Re: custom hash-based COUNT(DISTINCT) aggregate - unexpectedly high memory consumption

From: Tomáš Janoušek <tomi(at)nomi(dot)cz>
To: Tomas Vondra <tv(at)fuzzy(dot)cz>
Cc: pgsql-hackers <pgsql-hackers(at)postgresql(dot)org>
Subject: Re: custom hash-based COUNT(DISTINCT) aggregate - unexpectedly high memory consumption
Date: 2013-10-06 18:37:00
Message-ID: 20131006183645.GA27556@nomi.cz
Views: Raw Message | Whole Thread | Download mbox | Resend email
Thread:
Lists: pgsql-hackers

Hi,

On Sat, Oct 05, 2013 at 08:22:54PM +0200, Tomas Vondra wrote:
> I'm on 64-bit architecture and the example works with int32, which means
> the sizes should be about this:
>
> hash_element_t => 20B
> hash_bucket_t => 4B + (20B * items in the bucket [in steps of 5])
> hash_table_t => 4B + space for buckets
>
> In the example above, there's ~20k unique values in each group. The
> threshold is 20 items per bucket on average, so that's 1024 buckets, and
> the buckets are almost full.
>
> So for single group, the hash table size is about
>
> 4B + 1024 * (4B + 20 * 20B) = 413700B = ~ 400 kB
>
> There are 4000 groups, so the total estimate is ~1.6GB in total.
>
> However when executed (9.2, 9.3 and HEAD behave exactly the same), the
> query consumes almost ~5GB of RAM (excluding shared buffers).
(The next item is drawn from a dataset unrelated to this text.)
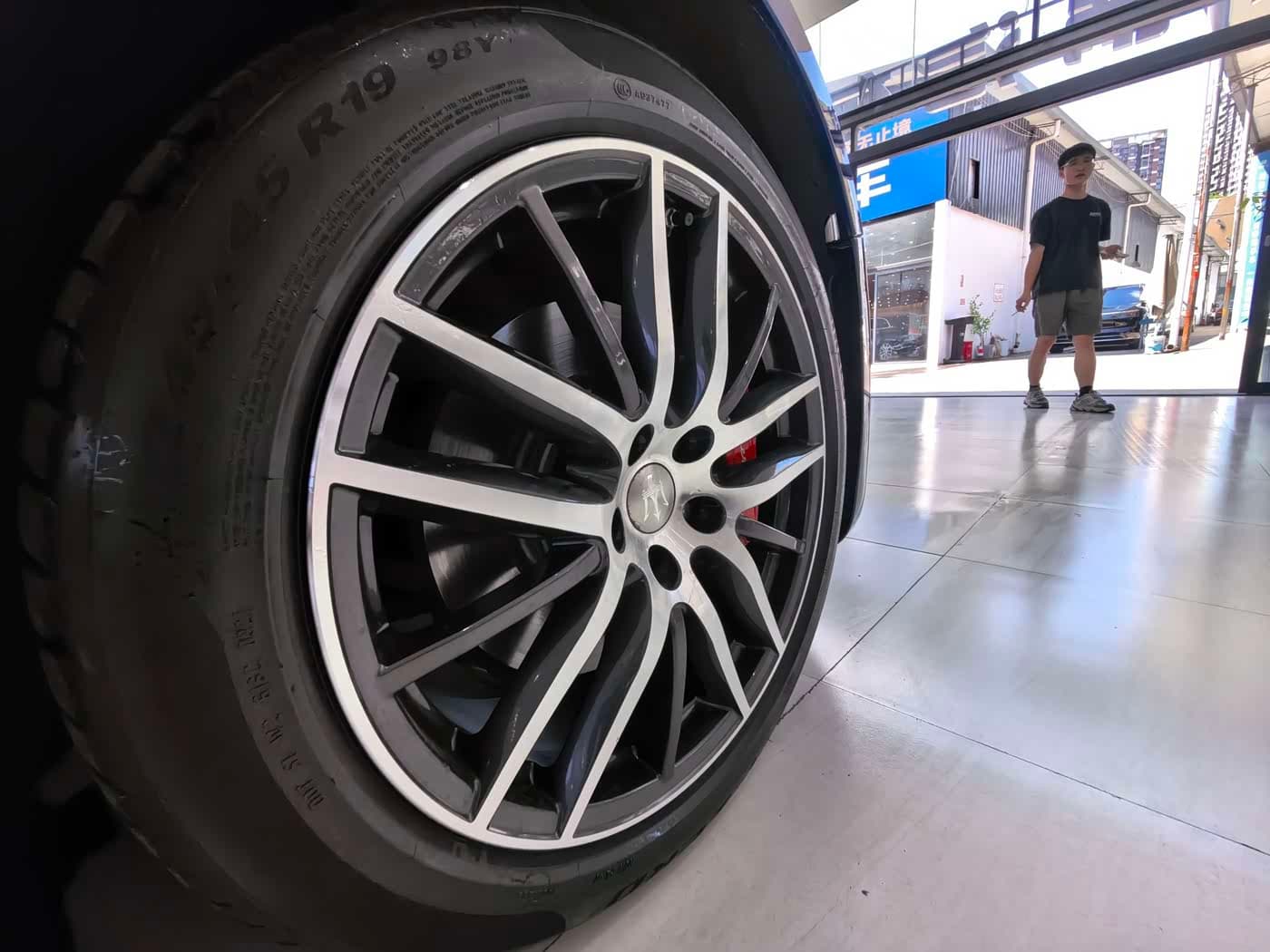 Maserati Ghibli 2016 — Фото 18/20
I think the missing thing is the memory allocator bookkeeping overhead.
You're assuming that hash_element_t.value takes 8B for the pointer and 4B for
the value itself, but using malloc it takes another at least 20 bytes, and
from a quick glance at backend/utils/mmgr/aset.c it seems that palloc is
certainly not without its overhead either.

Also, each additional level of pointers adds execution overhead and increases
the likelihood of cache misses. I'd suggest a few improvements, if I may:

1. Drop hash_element_t altogether, store length in hash_bucket_t and alloc
hash_bucket_t.items of size nitems * length bytes. I doubt that storing
the hash values has a benefit worth the storage and code complexity
overhead (you're storing fixed-size ints, not large blobs that are
expensive to compare and hash).

2. Consider using a simpler/faster hash function, like FNV[1] or Jenkins[2].
For fun, try not hashing those ints at all and see how that performs (that,
I think, is what you get from HashSet<int> in Java/C#).

3. Consider dropping buckets in favor of open addressing (linear probing,
quadratic, whatever). This avoids another level of pointer indirection.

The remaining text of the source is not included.